For one, even though the small guitar has made a comeback in recent years, it was surprising to see the ukelele played by both Alison Eales and Citizen Bravo. The former used it as her only instrument, but this made sense as it complemented the soft high tones of her voice. Eales lulling vocal style is reminiscent of Emmy the Great, and it quietly draws the listener into the bittersweet narratives of songs such as ’55 Degrees North’ and ‘Rain Song.’ She also dabbles with stand-up comedy and this too is reflected in her comfortable performance style; where not being quite able to ‘make’ a ukelele lead part is as entertaining as if she had.
Relaxed humour is never too far from the surface of Citizen Bravo’s performance style either. A one-man band, Citizen Bravo (aka Matt Brennan of Zoey Van Goey) both updates this distinctive style of music whilst also paying homage to its traditions. Like one-man bands of the past, the literal DIY aspect of his musical set-up is very evident – particularly in the old suitcase which, while retaining the function of being a case to transport his equipment, also acts as both a bass drum and a stand for his other musical paraphernalia. Moreover, Citizen Bravo also made a point of relating the story behind the case/drum/stand’s construction – a story involving a neighbour, who was a blacksmith, and the satisfaction that can be gained form building something using one’s own hands (a sentiment revisited in his closing song). Story-telling, of the humorous kind, is an important part of Citizen Bravo’s performance (Brennan was also the raconteur in Zoey Van Goey) and, in both this aspect and in the DIY equipment, there are similarities with a young Billy Bragg. Although primarily a guitarist, Bragg is also associated with the one-man band through his Portastack, a portable PA system. Perhaps as a nod to his influences, in his set Citizen Bravo also included a Bragg song (‘Love Gets Dangerous’). However, it would be misleading to highlight this as the only point of reference. Aside from the aforementioned ukelele and suitcase bass drum, Citizen Bravo also played electric guitar and keyboard through a variety of effects, and he even managed to place a snare drum into the occasional mix using his left foot. The keyboard, in particular, featured strongly on songs like ‘Edgar Wright Murder Disco’, where it provided a cheesy ‘break-down’ underlining the song’s humour, and “The Eyes of the Killer Robot” (which actually had Bravo reciting a passage from a pulp fiction book that scared him as a kid).

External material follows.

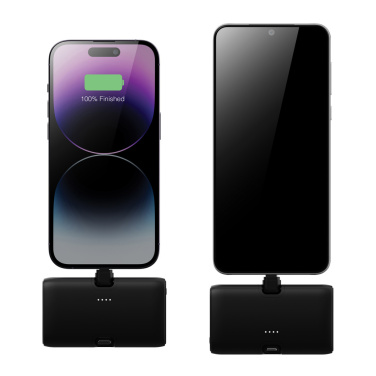 Logo trade mainostuotet tuotekuva: Urban Vitamin Los Angeles RCS 20W pikalatausvaravirtalähde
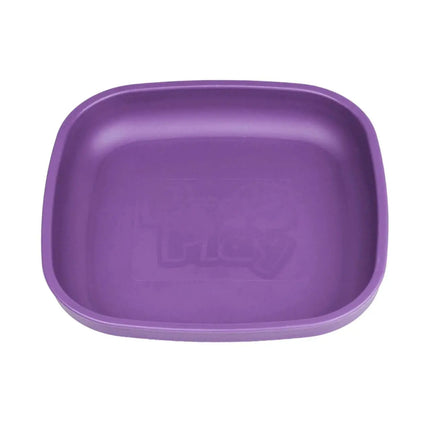 Re-Play Flat Plates-Re-Play-Amethyst-Hello Charlie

Finally, Chris Mills and the Distant Stars appeared as equally relaxed as the support acts and, if anything, the small audience bolstered their desire to entertain. They ripped through a longish set, featuring songs from both their new album, Elephant, and Mills’ back catalogue. Old favourites such as ‘Brand New Day’ and ‘Watch Chain’ were included alongside new album tracks ‘Wild Places’ and Rubicon. At his most alt. countryish Mills’ voice is similar to Jay Farrar’s (particularly in respect to the latter’s Son Volt output). This similarity is extended through the Distant Star’s drummer, Konrad Meissner, having also worked on Farrar’s solo albums. Given this, and the fact that bass player Ryan Hembrey, aside from being a long-time collaborator of Mills, has also a substantial track record with other alt. country outfits (including Smog and Pinetop Seven), it was not surprising that the Distant Stars were razor sharp.
It has been over five years since Mills played Glasgow with a band, and it is a shame that this gig was so poorly attended. Hopefully we don’t have to wait another five years to see him tour with a full band again.